# Milnet.ca Subscriptions



## Mike Bobbitt (2 Aug 2005)

All,

I'm going to be out of town for a few weeks starting this Friday. Unfortunately that means I won't be able to ship Subscription shirts or coins again until September. If anyone is "on the verge" I can probably ship until tomorrow, but after that, unfortunately there will be a delay.

Sorry for the inconvenience, things will be back to normal in September!


Cheers
Mike


----------



## Mike Bobbitt (3 Sep 2005)

All,

Due to popular demand, I've re-worked the Army.ca Registration system so that non-PayPal based registrations can now be accepted. I realize that PayPal is not acceptable to everyone, so there are now several alternatives.

Under the new system, Subscribers can purchase for one or more years of Subscription services by Certapay, cheque or money order. A week before the existing Subscription expires, members will get a reminder e-mail, allowing them to buy an additional year and maintain their subscription.

Details on Army.ca Subscriptions, and ordering information can be found here:

http://Army.ca/subscribe

If anyone has any questions, please let me know, and thanks to all Subscribers for your support - you keep Army.ca online!


Cheers
Mike


----------



## KevinB (3 Sep 2005)

Mike,

 My BMO electronic money transfer will not recognize the army@army.ca email.

I get:
Error 
 The email address is invalid.

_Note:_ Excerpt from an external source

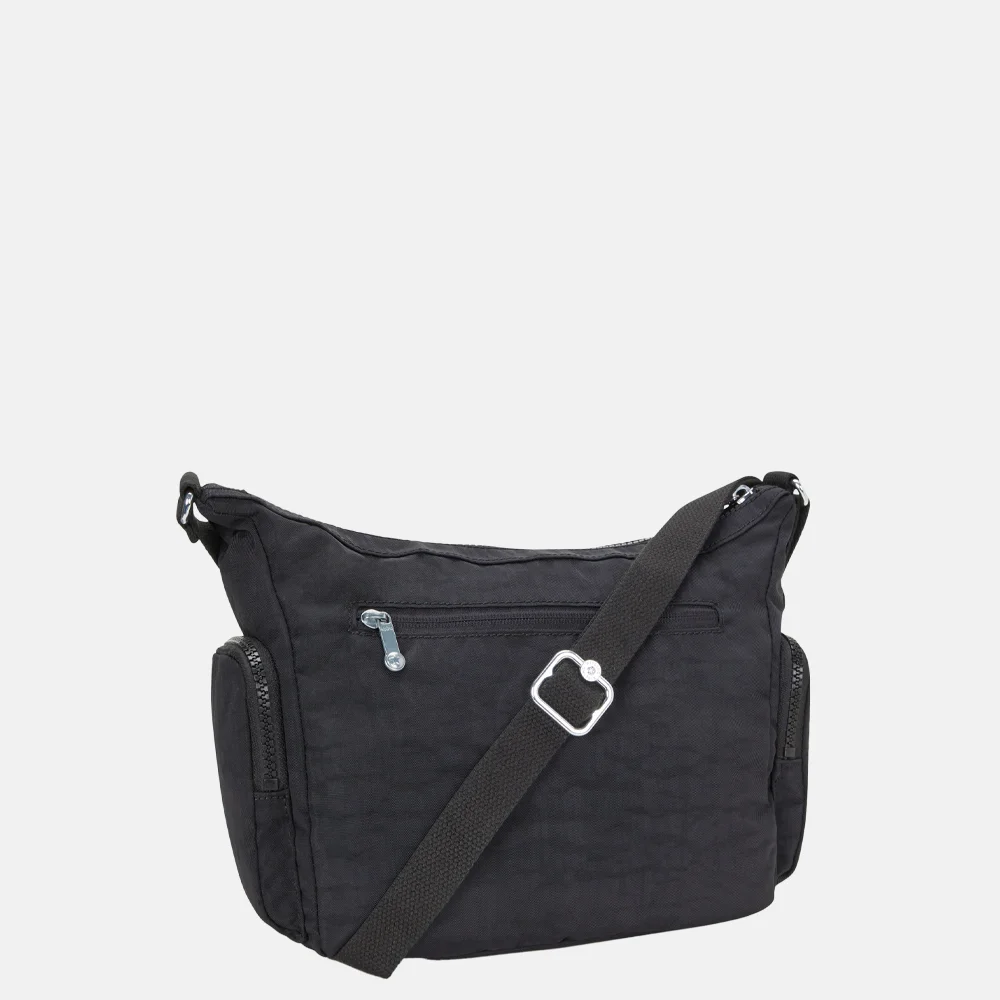 Kipling Gabbie crossbody S black noir bij Duifhuizen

Please ensure that only one '@' symbol is in the address. Also, ensure that you include the '.' in the address, and at least one character should be on either side of the '@' and the '.'  
 The email address is invalid. Please ensure that only one '@' symbol is in the address. Also, ensure that you include the '.' in the address, and at least one character should be on either side of the '@' and the '.'


----------



## Mike Bobbitt (3 Sep 2005)

Well that's odd. Any chance there were extra spaces in the address anywhere? Was it via Certapay? What about Mike@Army.ca? I assume that'd do the same thing.


----------



## Lance Wiebe (3 Sep 2005)

Um, Mike?

Am I blind?

I can't find an address on the subscription page to send a money order too.......


----------



## Fishbone Jones (3 Sep 2005)

Lance,

You can send it to me. I've got an old shirt and I scratched army.ca into a washer I found in the garage. I'll send you those. Oh yeah make the money order (certified please) out to Dave's Emporium and Dry Goods.


----------



## Mike Bobbitt (3 Sep 2005)

The address is tucked away under the Cheque line:

Mike Bobbitt
PO Box 412
Munster ON
K0A 3P0


Thanks
Mike


----------



## Lance Wiebe (3 Sep 2005)

I KNEW it had to be there.  I was looking for a four line address thingy.  Silly me.

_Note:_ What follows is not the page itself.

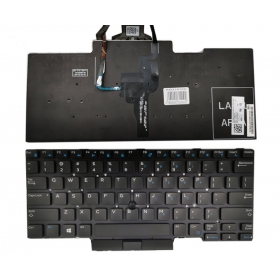 DELL Latitude: E5450, E5470, E5480 tastatur with lighting og „trackpoint“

I'll be sending a money order next week.  

Keep the t-shirt, I'll save you the exoense of shipping it down.  Maybe, some day if we meet, I'll grab one off of you.  Or beat the crap out of Dave and take his next time he comes to town.


----------



## Mike Bobbitt (4 Sep 2005)

All,

Testing shows that the current "bottleneck" for speed is the Internet connection that our server sits on. As more visitors find Army.ca, our overall speed decreases over time, and I expect this trend will continue.

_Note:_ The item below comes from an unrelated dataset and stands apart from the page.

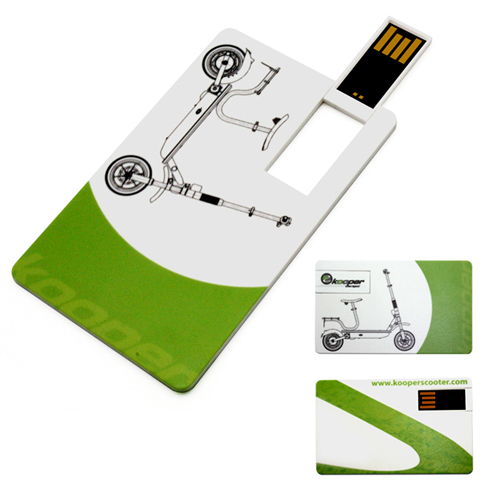 Flip Card Shape USB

We have the option of upgrading that connection to increase the speed by up to 33%. (Note that's the maximum, the actual increase may be less.) As you might expect, this upgrade is not free but I believe there is a way that we can enjoy the increased speeds.

With just 10 new Subscribers we will have enough to cover the cost of the connection upgrade.

I've often said that Subscribers are what allow Army.ca to not only stay online, but to improve as we move ahead. This is a perfect example of Subscriber support at work. As a subscriber, you're not only supporting Army.ca, but you also get a shirt and coin shipped to your door. Please see http://Army.ca/subscribe for additional details.

Thanks again for your support.


Cheers
Mike


----------



## ErorZ (4 Sep 2005)

Done, I should have done it a long time ago, but I am now a new subscriber.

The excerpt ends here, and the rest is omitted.